(Data records)
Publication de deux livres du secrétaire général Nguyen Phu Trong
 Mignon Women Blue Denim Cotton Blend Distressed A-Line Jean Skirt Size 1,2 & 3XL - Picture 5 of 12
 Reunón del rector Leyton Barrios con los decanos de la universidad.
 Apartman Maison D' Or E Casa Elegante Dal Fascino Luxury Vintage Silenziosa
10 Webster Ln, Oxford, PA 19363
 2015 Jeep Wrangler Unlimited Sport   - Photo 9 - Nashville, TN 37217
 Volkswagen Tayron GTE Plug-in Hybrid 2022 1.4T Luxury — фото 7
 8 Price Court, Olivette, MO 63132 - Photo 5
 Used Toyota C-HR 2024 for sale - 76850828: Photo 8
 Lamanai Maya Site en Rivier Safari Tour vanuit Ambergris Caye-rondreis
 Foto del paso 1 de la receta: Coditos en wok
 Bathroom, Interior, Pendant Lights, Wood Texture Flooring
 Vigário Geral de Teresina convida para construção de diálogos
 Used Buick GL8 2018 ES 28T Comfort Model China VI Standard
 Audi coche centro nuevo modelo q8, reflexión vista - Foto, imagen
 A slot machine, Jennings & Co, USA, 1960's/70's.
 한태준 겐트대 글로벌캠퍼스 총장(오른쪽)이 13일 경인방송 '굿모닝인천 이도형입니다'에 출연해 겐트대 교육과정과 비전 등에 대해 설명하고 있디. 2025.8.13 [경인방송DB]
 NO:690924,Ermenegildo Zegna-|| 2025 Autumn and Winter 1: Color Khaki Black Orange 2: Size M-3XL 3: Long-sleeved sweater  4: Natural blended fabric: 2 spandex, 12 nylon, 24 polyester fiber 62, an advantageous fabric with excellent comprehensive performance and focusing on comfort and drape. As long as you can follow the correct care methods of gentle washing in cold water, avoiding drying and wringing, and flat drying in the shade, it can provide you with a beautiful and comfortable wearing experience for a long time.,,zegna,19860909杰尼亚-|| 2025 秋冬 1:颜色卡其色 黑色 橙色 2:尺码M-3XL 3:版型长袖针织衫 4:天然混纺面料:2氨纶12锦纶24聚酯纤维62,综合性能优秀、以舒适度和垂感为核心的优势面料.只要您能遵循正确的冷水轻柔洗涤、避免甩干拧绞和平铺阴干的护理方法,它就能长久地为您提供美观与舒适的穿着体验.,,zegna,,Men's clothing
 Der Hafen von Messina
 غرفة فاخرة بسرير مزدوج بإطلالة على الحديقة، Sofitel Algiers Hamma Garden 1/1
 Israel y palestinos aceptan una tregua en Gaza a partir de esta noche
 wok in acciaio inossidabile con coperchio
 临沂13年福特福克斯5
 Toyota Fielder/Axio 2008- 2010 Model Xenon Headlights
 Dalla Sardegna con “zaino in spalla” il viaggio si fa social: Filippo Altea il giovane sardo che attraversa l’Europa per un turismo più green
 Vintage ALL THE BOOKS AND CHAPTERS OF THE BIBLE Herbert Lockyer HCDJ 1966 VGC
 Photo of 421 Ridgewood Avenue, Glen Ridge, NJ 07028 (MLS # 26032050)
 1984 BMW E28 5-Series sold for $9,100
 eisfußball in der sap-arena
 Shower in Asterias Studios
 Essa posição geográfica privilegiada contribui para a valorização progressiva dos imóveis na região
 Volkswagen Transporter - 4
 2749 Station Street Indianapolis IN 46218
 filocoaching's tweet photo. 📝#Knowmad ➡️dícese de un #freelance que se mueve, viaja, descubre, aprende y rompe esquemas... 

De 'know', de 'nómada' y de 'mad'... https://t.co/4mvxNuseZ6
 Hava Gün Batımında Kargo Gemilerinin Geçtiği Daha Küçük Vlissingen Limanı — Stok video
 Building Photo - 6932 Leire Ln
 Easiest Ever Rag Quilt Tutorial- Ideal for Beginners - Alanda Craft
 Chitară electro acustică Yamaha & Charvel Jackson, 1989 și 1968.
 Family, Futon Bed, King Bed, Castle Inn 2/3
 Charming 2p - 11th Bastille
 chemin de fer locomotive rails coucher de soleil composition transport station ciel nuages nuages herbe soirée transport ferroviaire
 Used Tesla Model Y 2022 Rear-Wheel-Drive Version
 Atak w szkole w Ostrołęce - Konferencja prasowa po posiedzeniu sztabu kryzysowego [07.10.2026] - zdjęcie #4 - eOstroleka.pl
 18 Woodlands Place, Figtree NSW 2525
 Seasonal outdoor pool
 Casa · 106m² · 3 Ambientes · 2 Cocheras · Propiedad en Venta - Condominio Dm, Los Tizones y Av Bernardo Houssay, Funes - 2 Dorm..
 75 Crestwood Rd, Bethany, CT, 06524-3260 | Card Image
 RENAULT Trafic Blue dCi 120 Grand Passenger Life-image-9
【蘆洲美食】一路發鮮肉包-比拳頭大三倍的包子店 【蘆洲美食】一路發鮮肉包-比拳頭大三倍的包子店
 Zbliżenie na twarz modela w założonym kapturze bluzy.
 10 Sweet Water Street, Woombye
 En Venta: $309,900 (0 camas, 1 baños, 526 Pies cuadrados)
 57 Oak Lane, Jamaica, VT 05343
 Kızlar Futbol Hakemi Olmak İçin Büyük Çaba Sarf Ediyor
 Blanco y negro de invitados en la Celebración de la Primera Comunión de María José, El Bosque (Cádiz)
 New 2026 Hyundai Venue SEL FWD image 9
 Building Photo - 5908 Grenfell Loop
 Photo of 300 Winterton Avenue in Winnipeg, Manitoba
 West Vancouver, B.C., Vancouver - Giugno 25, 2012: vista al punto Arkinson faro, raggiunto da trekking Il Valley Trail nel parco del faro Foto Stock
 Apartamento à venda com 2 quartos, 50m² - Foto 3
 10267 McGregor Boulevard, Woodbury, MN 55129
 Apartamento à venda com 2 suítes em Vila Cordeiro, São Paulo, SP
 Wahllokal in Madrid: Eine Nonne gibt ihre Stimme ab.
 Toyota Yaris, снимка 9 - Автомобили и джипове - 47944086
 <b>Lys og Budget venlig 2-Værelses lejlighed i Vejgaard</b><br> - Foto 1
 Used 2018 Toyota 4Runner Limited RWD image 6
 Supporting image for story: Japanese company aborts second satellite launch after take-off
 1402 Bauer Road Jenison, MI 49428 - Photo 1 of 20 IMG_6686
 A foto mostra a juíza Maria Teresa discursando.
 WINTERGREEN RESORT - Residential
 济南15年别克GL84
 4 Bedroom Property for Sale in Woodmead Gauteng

TASK DESCRIPTION: An exact copy of the lines from the one holding "Charming 2p - 11th Bastille" through the end of the data is the whole answer.

RESPONSE TO THIS TASK:
 Charming 2p - 11th Bastille
 chemin de fer locomotive rails coucher de soleil composition transport station ciel nuages nuages herbe soirée transport ferroviaire
 Used Tesla Model Y 2022 Rear-Wheel-Drive Version
 Atak w szkole w Ostrołęce - Konferencja prasowa po posiedzeniu sztabu kryzysowego [07.10.2026] - zdjęcie #4 - eOstroleka.pl
 18 Woodlands Place, Figtree NSW 2525
 Seasonal outdoor pool
 Casa · 106m² · 3 Ambientes · 2 Cocheras · Propiedad en Venta - Condominio Dm, Los Tizones y Av Bernardo Houssay, Funes - 2 Dorm..
 75 Crestwood Rd, Bethany, CT, 06524-3260 | Card Image
 RENAULT Trafic Blue dCi 120 Grand Passenger Life-image-9
【蘆洲美食】一路發鮮肉包-比拳頭大三倍的包子店 【蘆洲美食】一路發鮮肉包-比拳頭大三倍的包子店
 Zbliżenie na twarz modela w założonym kapturze bluzy.
 10 Sweet Water Street, Woombye
 En Venta: $309,900 (0 camas, 1 baños, 526 Pies cuadrados)
 57 Oak Lane, Jamaica, VT 05343
 Kızlar Futbol Hakemi Olmak İçin Büyük Çaba Sarf Ediyor
 Blanco y negro de invitados en la Celebración de la Primera Comunión de María José, El Bosque (Cádiz)
 New 2026 Hyundai Venue SEL FWD image 9
 Building Photo - 5908 Grenfell Loop
 Photo of 300 Winterton Avenue in Winnipeg, Manitoba
 West Vancouver, B.C., Vancouver - Giugno 25, 2012: vista al punto Arkinson faro, raggiunto da trekking Il Valley Trail nel parco del faro Foto Stock
 Apartamento à venda com 2 quartos, 50m² - Foto 3
 10267 McGregor Boulevard, Woodbury, MN 55129
 Apartamento à venda com 2 suítes em Vila Cordeiro, São Paulo, SP
 Wahllokal in Madrid: Eine Nonne gibt ihre Stimme ab.
 Toyota Yaris, снимка 9 - Автомобили и джипове - 47944086
 <b>Lys og Budget venlig 2-Værelses lejlighed i Vejgaard</b><br> - Foto 1
 Used 2018 Toyota 4Runner Limited RWD image 6
 Supporting image for story: Japanese company aborts second satellite launch after take-off
 1402 Bauer Road Jenison, MI 49428 - Photo 1 of 20 IMG_6686
 A foto mostra a juíza Maria Teresa discursando.
 WINTERGREEN RESORT - Residential
 济南15年别克GL84
 4 Bedroom Property for Sale in Woodmead Gauteng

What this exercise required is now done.